The correct approach: explicitly correct the AI and explain why. "Don't mock the database in these tests—we got burned when mocks diverged from the real schema." This creates a feedback loop that prevents recurrence.

How To Apply It — Multi-Agent Workflows That Scale

1. Sub-Agents for Exploration, Main Context for Implementation

When you need to understand unfamiliar code, spawn a sub-agent to explore while keeping your main context window clean:

# In Claude Code chat
"Create a sub-agent to explore the authentication module and trace dependencies.
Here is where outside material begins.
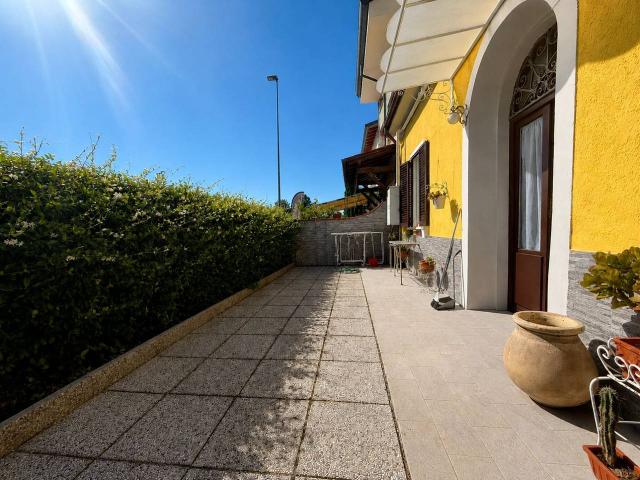 Terratetto in vendita a Viareggio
Report back with a summary."

This prevents context window pressure from accumulating exploration noise.

2. Plans as Files, Not Chat

Always save implementation plans to markdown files:

# Instead of chat output
"Write the implementation plan to plan.md using SPARC methodology:
- Specification
- Pseudocode
- Architecture
- Refinement
- Completion"

Plans survive context compression and can be reviewed by sub-agents before implementation.
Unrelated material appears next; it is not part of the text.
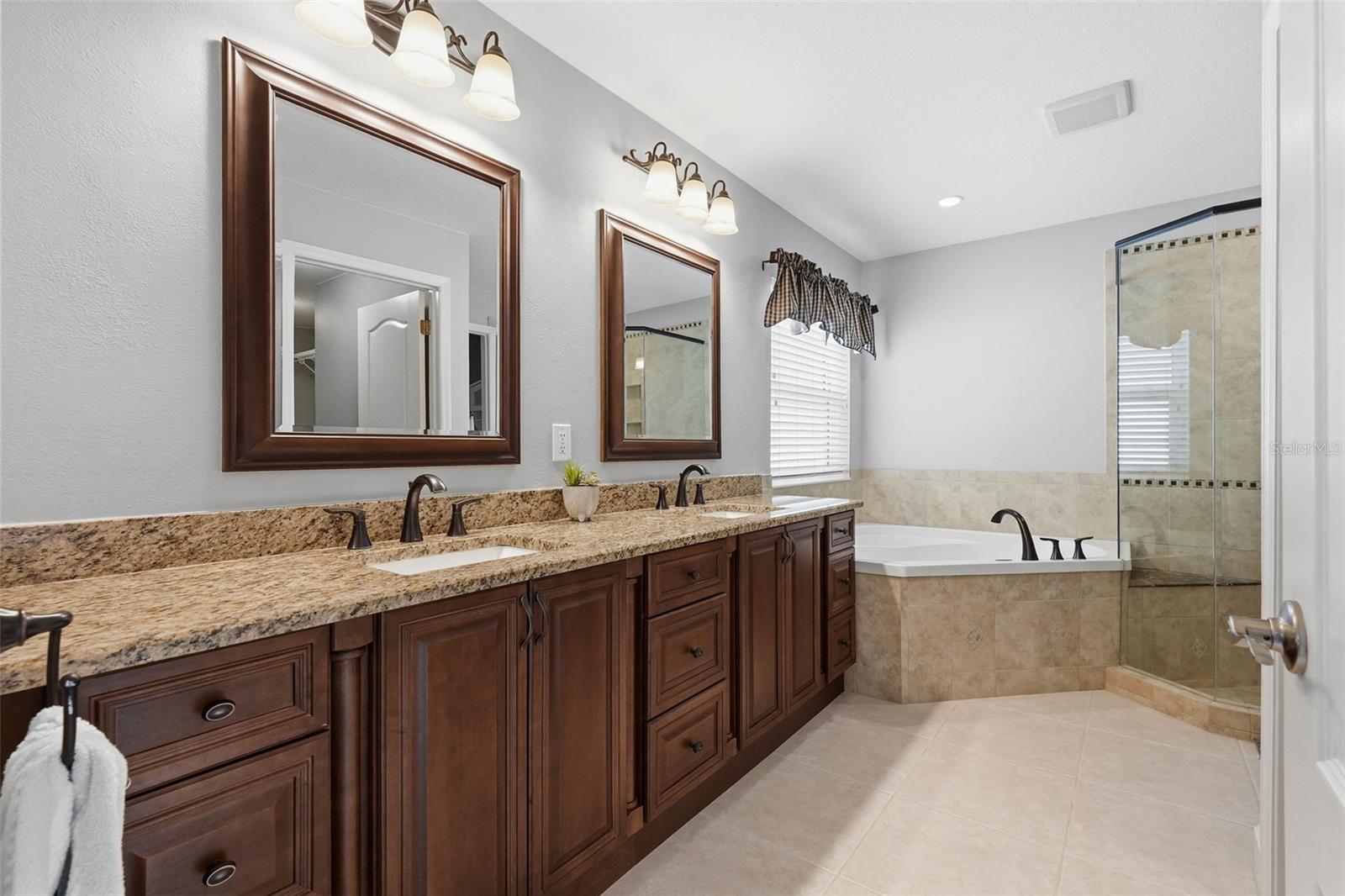 355 VENTURA DR, OLDSMAR, FL, 34677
3. Multi-Agent Code Review

Run parallel review agents with narrow mandates:

# After writing code
"Create three review agents in parallel:
1. Security review - check for unsanitized input, hardcoded secrets
2. Architecture review - check abstraction levels, dependency injection
3. Simplification review - flag over-engineering, single-use abstractions"

Four agents reviewing simultaneously takes the same wall-clock time as one.
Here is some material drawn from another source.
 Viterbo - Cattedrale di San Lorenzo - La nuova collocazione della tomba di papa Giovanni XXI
4. Git Worktrees for Parallel Feature Work

Use git worktree to maintain separate working directories:

git worktree add ../feature-branch feature-branch
cd ../feature-branch
# Claude Code works here while you review another branch

This creates genuinely parallel workflows without branch-switching overhead.

Where It Breaks Down (And How To Fix It)

Over-Engineering Tendency — Claude Code often proposes complex solutions when simple ones exist. The antidote: ask "what's the simplest version of this?" early and often.

Context Window Pressure — Long sessions (3+ hours) get sluggish. Workaround: break large tasks into multiple sessions with clear scopes, persisting plans to files between sessions.

Testing Implementation vs. Behavior — Claude Code occasionally writes tests that test implementation rather than behavior. Fix: include "test WHAT it does, not HOW" in your CLAUDE.md rules.

The Cross-AI Audit System

The developer's most advanced pattern: using Claude Code for implementation and Gemini CLI for auditing. One AI shouldn't review its own work—different training data catches different issues.

System setup:

  • Claude Code (Opus 4.6) = fast implementer with 4 parallel sessions
  • Gemini CLI (3.1 Pro) = strict auditor reviewing every piece of code
  • Neither merges to main without the other's sign-off

This creates the same cross-review benefit as having two developers, without the coordination overhead.

AI Analysis

Claude Code users should immediately implement three changes: 1. **Create a comprehensive CLAUDE.md file today** — Spend 30 minutes documenting your code style, git workflow, testing standards, and security rules. This hour of setup will save hundreds of corrections. Include specific rules like "test WHAT it does, not HOW" and "never mock the database in tests." 2. **Start correcting, not tolerating** — When Claude Code generates slightly wrong code, don't accept it or regenerate. Explicitly correct it with reasoning: "Don't use that approach because [specific reason]." These corrections get stored in the knowledge graph and prevent recurrence across projects. 3. **Use sub-agents for exploration** — Before diving into implementation, spawn a sub-agent with `"Create a sub-agent to explore [module] and report back with dependencies and architecture."` Keep your main context window clean for actual implementation work. Bonus: If you have access to multiple AI tools (like Gemini CLI), set up a cross-review system where one implements and the other audits. Different training data catches different issues.